Read the lines below. Copy out any that hold the string "Vorderseite".

[Material provided Boundary: Start]

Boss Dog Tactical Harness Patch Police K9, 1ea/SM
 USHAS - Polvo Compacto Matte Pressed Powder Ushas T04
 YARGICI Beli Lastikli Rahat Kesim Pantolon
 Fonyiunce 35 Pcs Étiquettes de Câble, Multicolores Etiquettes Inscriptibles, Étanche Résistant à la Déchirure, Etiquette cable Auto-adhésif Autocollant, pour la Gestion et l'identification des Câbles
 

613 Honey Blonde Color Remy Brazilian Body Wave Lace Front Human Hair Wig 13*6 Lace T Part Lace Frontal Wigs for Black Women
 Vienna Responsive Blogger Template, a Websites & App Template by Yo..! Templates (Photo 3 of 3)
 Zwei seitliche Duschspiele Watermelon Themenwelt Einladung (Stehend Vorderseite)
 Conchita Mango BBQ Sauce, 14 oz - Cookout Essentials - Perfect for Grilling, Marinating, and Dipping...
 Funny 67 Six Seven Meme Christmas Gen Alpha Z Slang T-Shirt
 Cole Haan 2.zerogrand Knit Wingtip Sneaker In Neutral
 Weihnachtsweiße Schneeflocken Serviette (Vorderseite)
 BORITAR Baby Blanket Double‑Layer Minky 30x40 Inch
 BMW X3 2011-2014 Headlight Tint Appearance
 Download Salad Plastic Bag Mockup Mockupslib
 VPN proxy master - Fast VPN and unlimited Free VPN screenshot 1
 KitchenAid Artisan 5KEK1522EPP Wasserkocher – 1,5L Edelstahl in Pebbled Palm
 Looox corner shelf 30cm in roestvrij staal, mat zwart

[Material provided Boundary: End]

Answer for this exercise ->
 Zwei seitliche Duschspiele Watermelon Themenwelt Einladung (Stehend Vorderseite)
 Weihnachtsweiße Schneeflocken Serviette (Vorderseite)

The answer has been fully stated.